RECORDS FOR PROCESSING section start
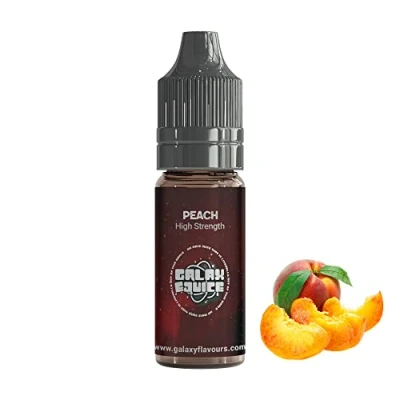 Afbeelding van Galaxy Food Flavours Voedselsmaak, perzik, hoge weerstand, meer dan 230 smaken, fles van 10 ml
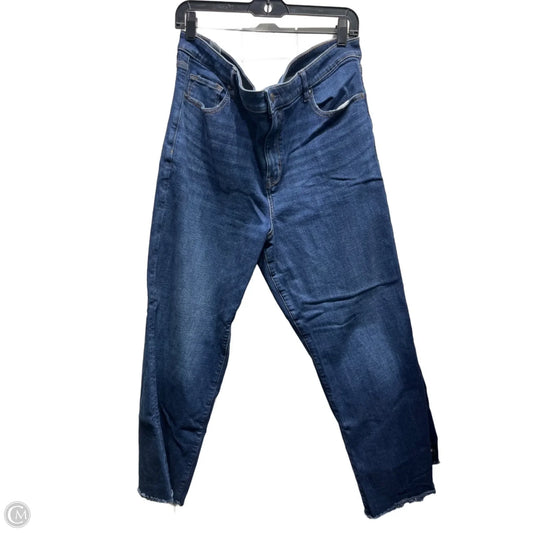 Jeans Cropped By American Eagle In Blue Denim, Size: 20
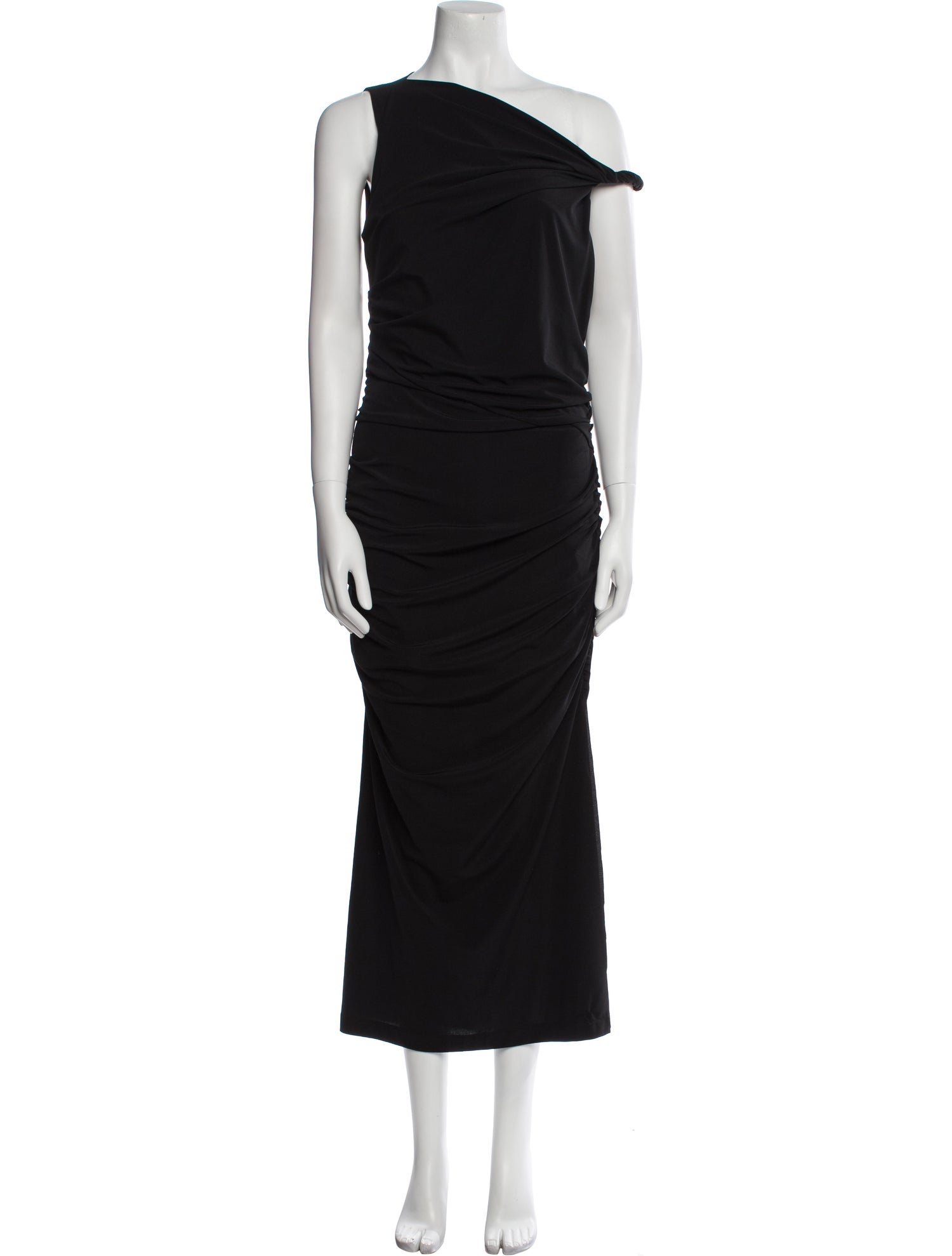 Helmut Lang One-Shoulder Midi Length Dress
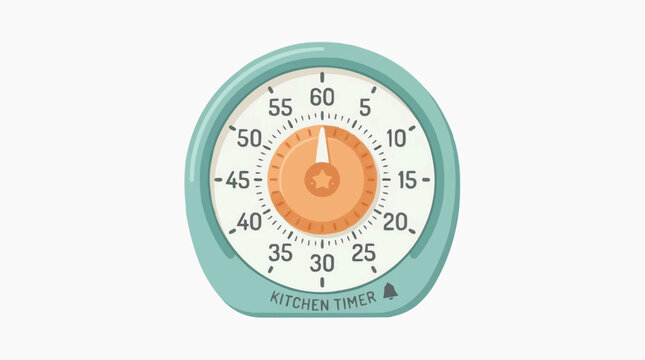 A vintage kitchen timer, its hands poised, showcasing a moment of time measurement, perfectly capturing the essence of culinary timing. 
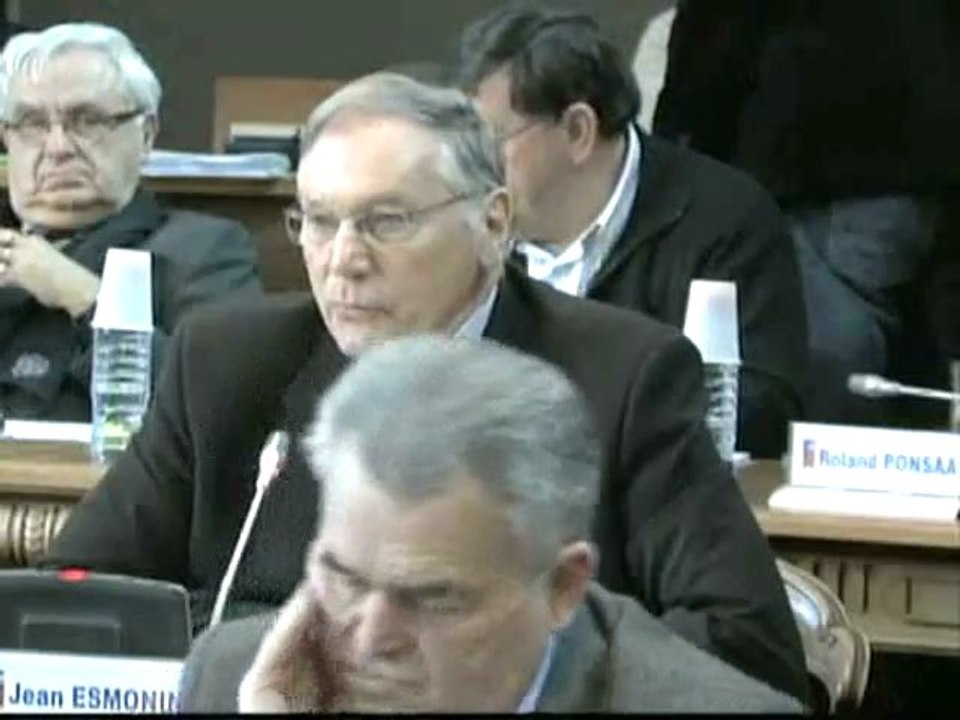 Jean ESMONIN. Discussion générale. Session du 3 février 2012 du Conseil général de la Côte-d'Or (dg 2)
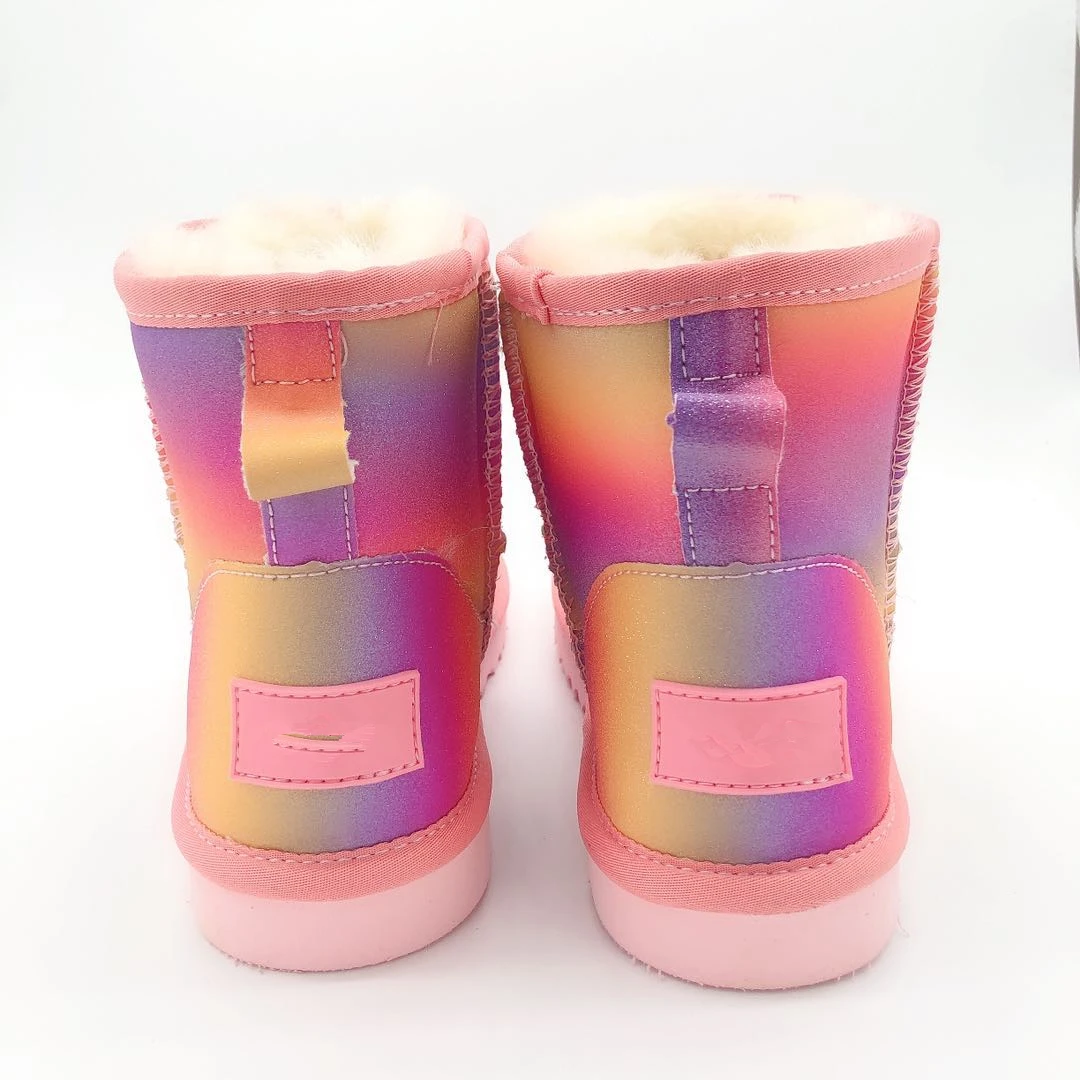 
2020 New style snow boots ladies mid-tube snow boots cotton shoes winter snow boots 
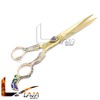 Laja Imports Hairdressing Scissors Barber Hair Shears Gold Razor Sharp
RECORDS FOR PROCESSING section end
Output the material word for word, and keep the pictures out.

 Afbeelding van Galaxy Food Flavours Voedselsmaak, perzik, hoge weerstand, meer dan 230 smaken, fles van 10 ml
 Jeans Cropped By American Eagle In Blue Denim, Size: 20
 Helmut Lang One-Shoulder Midi Length Dress
 A vintage kitchen timer, its hands poised, showcasing a moment of time measurement, perfectly capturing the essence of culinary timing. 
 Jean ESMONIN. Discussion générale. Session du 3 février 2012 du Conseil général de la Côte-d'Or (dg 2)
2020 New style snow boots ladies mid-tube snow boots cotton shoes winter snow boots 
 Laja Imports Hairdressing Scissors Barber Hair Shears Gold Razor Sharp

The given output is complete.